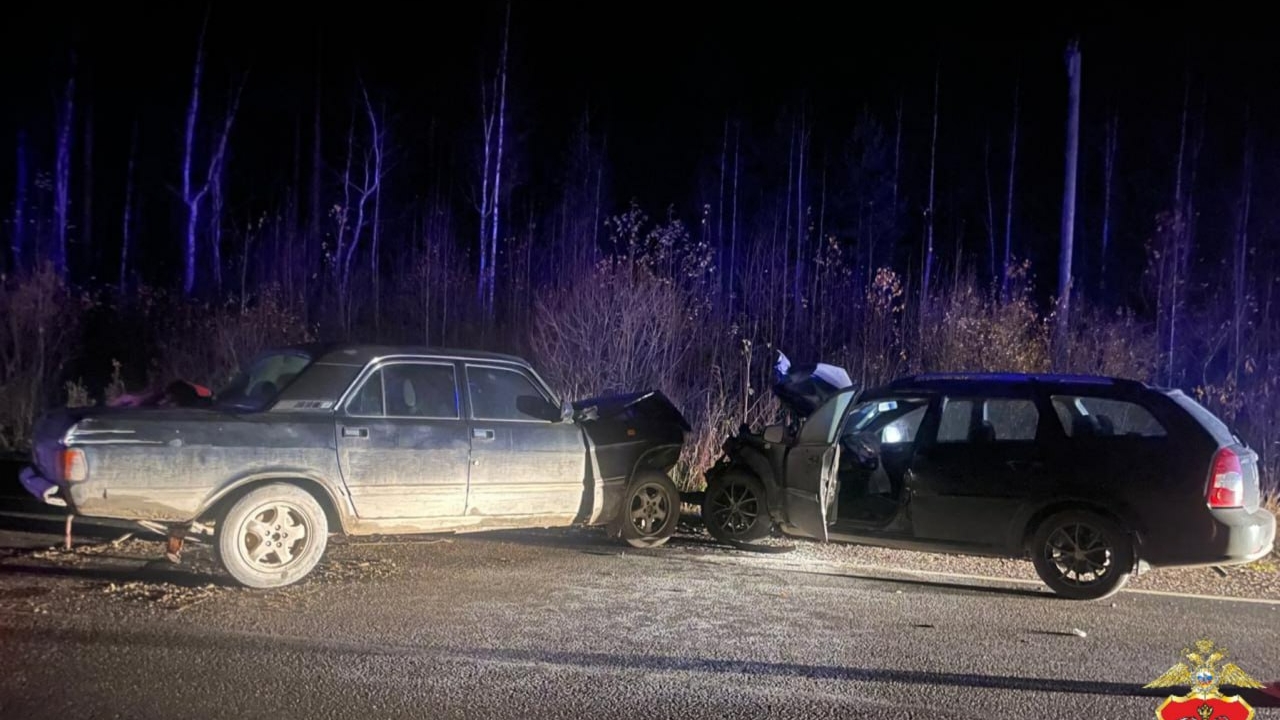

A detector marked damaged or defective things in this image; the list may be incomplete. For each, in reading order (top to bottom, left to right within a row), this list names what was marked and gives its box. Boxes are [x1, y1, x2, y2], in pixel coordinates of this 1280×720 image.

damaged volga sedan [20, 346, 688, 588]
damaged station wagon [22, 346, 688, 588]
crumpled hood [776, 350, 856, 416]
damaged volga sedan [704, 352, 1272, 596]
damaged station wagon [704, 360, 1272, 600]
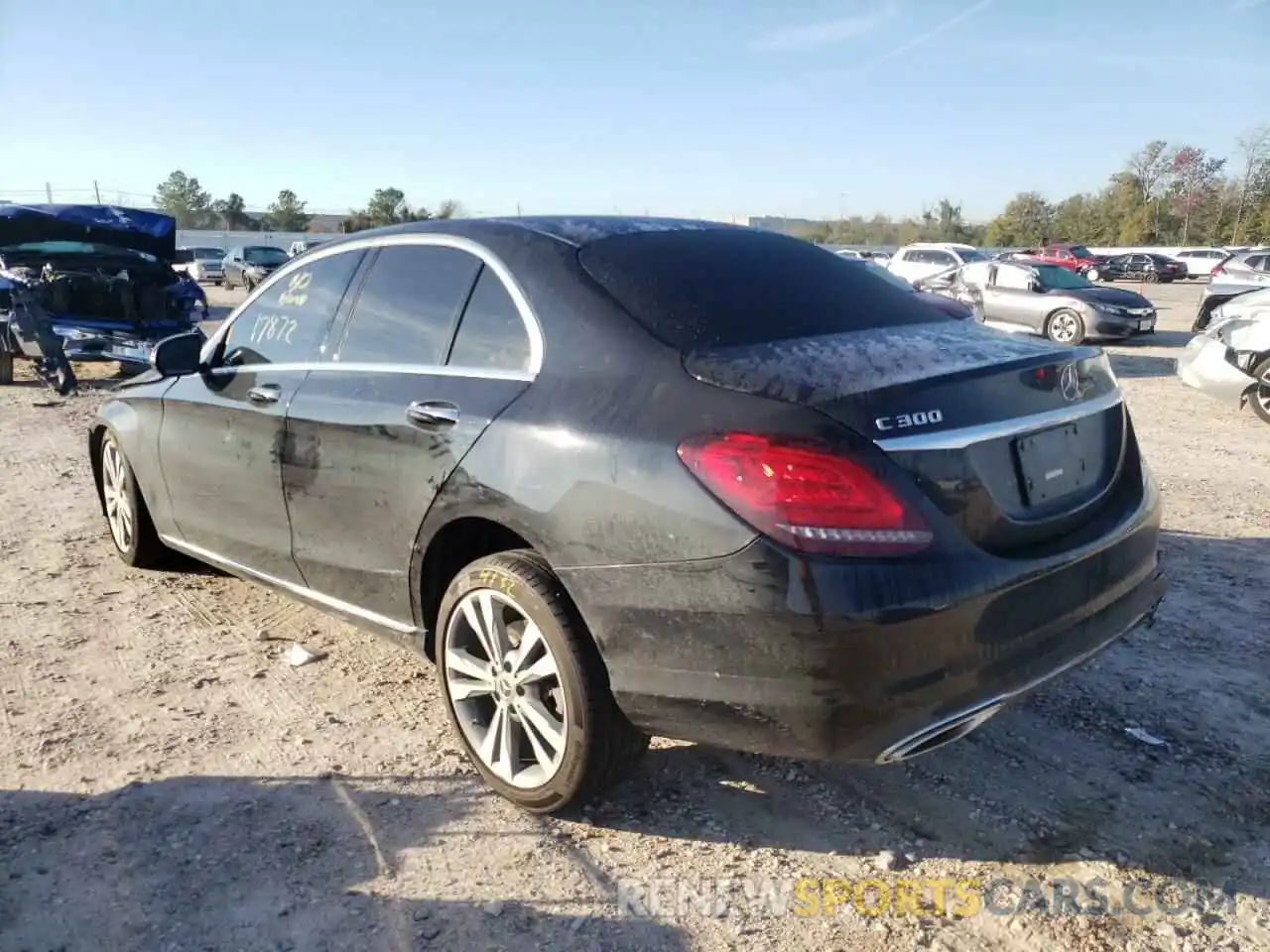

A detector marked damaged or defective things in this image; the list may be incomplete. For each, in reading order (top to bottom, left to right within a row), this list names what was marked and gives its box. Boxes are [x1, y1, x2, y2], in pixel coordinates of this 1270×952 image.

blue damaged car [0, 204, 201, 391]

**WORK ORDER:** The assignment is to restate, word for word, each line from the one containing "this 1270×952 image." through the final line of the material above.

**ANSWER TO THIS PROBLEM:**
A detector marked damaged or defective things in this image; the list may be incomplete. For each, in reading order (top to bottom, left to right within a row), this list names what was marked and gives its box. Boxes are [x1, y1, x2, y2], in pixel coordinates of this 1270×952 image.

blue damaged car [0, 204, 201, 391]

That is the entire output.